Los relatos están escritos en primera persona, en tercera, en la primera del plural y así abarcan el universo entero. ¿Quién está a salvo? Leer a Camila es escuchar el ruido de las uñas cuando se deslizan hacia abajo contra un pizarrón, es tocar talco con los dedos, es: “Elisa parecía una nena olvidada en un changuito dentro de un supermercado eterno”, “Si supiéramos bajar el volumen de la música oiríamos puro estado de ánimo”, “Me alivia más el error”, “No todo se regenera”, “Estos cuerpos nunca están enteros”, “Es mejor negarlo hasta que de repente venga y zas, acabe con todo”, “El exceso de vida también le parecía de temer”.
“Estamos a salvo”, lanza la autora con la absoluta certidumbre de que eso no dice nunca. Pero ella lo hace igual y el gesto la define y también a su voz, humorosa, lastimada con raspones de esos que luego forman cascaritas, con la marca de quien se cae, se levanta, se cae de nuevo porque siempre se está al borde de una herida. Hasta en lo más mínimo. Los dicen los cuentos. Esa razón la impulsa y en el contexto que ella misma monta resulta una privilegiada, la persona que accede antes a la información.
Camila es la confidente del mundo y da pistas. Describe lo ordinario, pero incluye otra lectura para las personas que se atreven y logra que esa frase que dice lo que parece se vuelva una teoría que cuadra y justo en ese momento quien lee se pregunta ¿de dónde salió esta mujer? ¿Por qué lo sabe? Así es. Escribe y construye ideas que resultan en realidades o peor, en una verdad pronta a esfumarse y que por eso hay que aprovechar.

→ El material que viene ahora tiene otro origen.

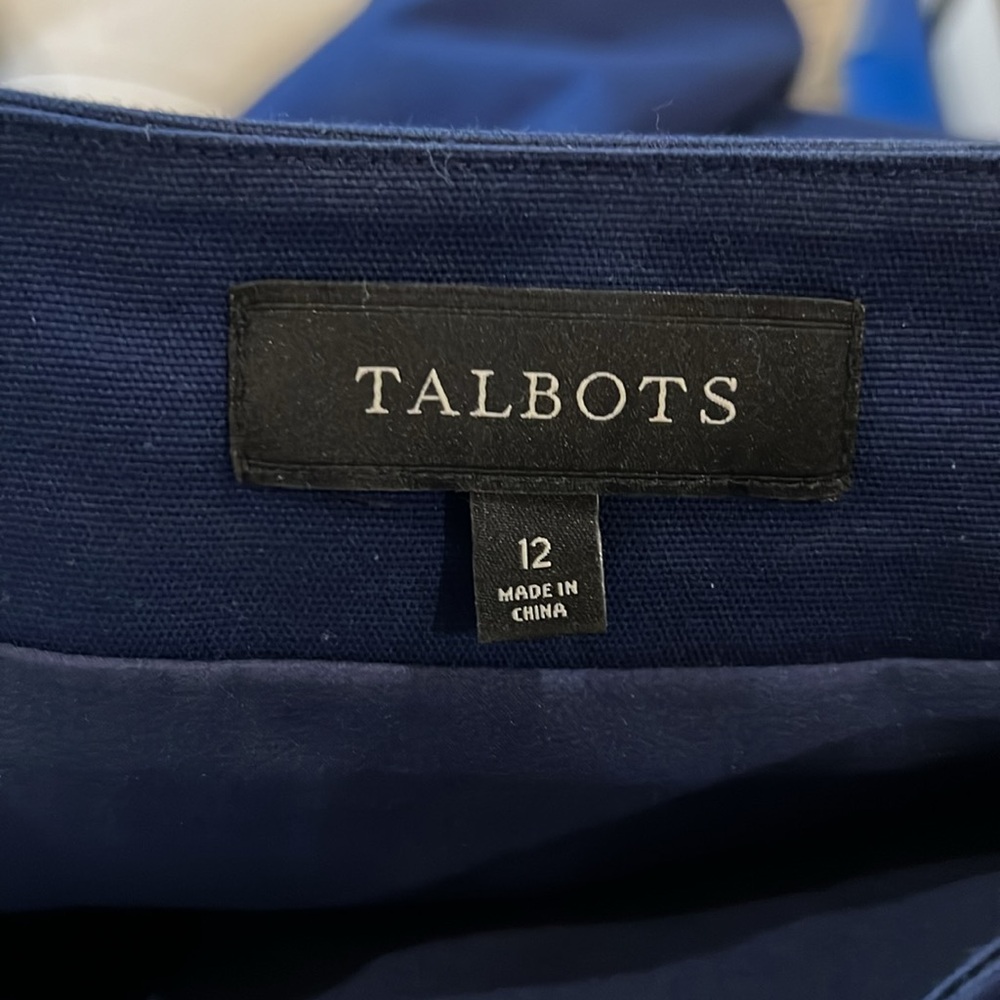 Navy Talbots scalloped skirt - Picture 4 of 4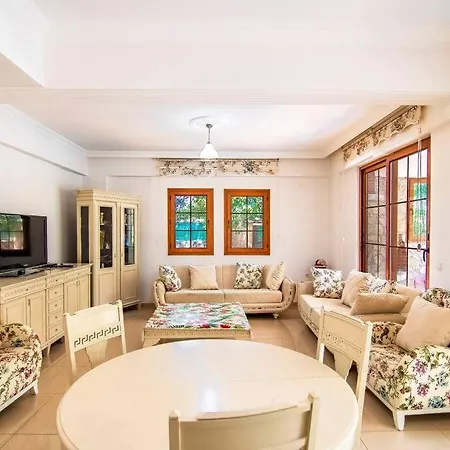 Kayakoeyde 8 Kisilik Havuzlu Muhafazakar ホテル 4*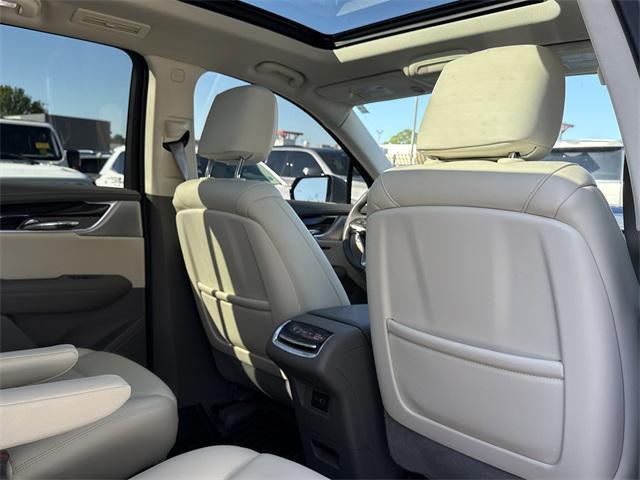 used 2023 Cadillac XT6 car, priced at $44,450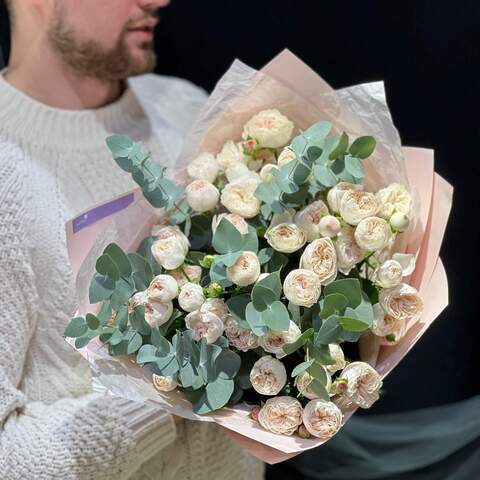 Photo of 9 spray roses and eucalyptus in a bouquet «Pearl moment»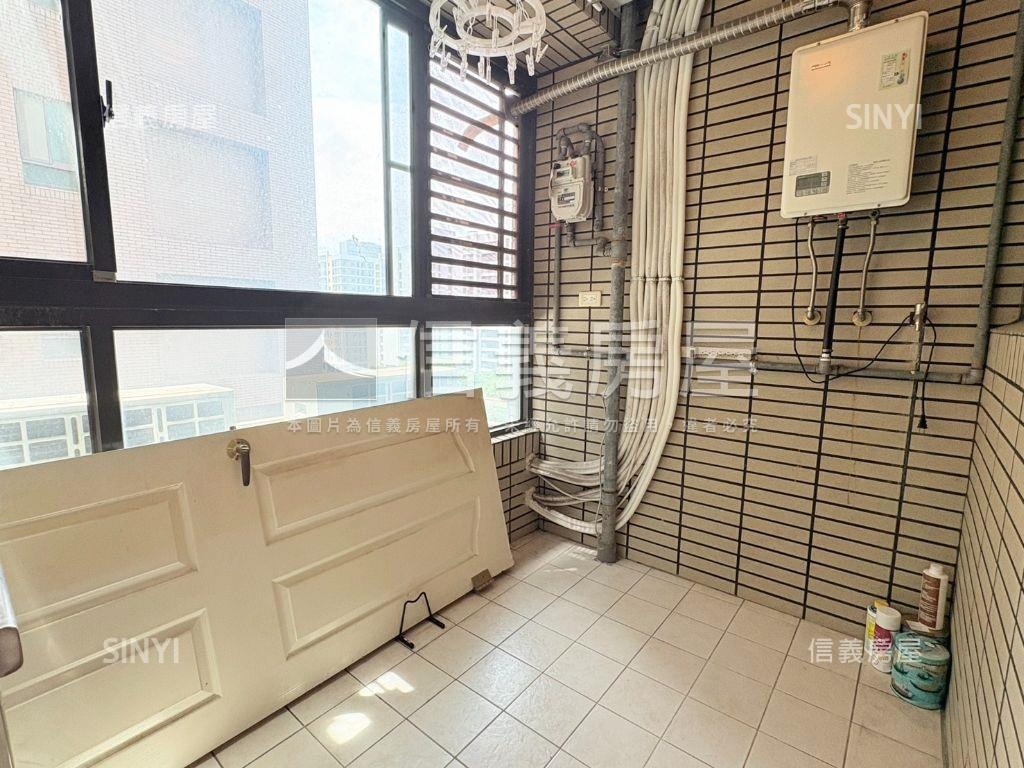太子近未來捷運明亮三房房屋室內格局與周邊環境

Su libro es una urgencia. Una urgencia que habla de lo natural. Eso perturba. Cada cuento arranca con una cita sacada de uno de los tantos documentales de la señal Natgeo. Uno de ellos transcurre en la puerta de un jardín de infantes. Madres, padres y adultos aguardan en la vereda a que las niñas y los niños salgan, pero se demoran y una vez que lo hacen no son quienes eran antes. En otro un hombre tiene a un yacaré de mascota en su casa y su hija invita a una amiga a jugar y ahí está el animal, que puede abrir la boca en un instante. Esto es lo que pasa. Esto es lo que puede pasar.
La última vez que vi a Camila fue en una terraza hermosa llena de luces que buscaban destacarla. Estaba junto a unas amigas queridas que leían parte de este libro y ella vestía un abrigo ancho, moderno y mullido. La vi de lejos y la pensé abrazada por un muñeco, como una niña en su adultez. En busca de alivio.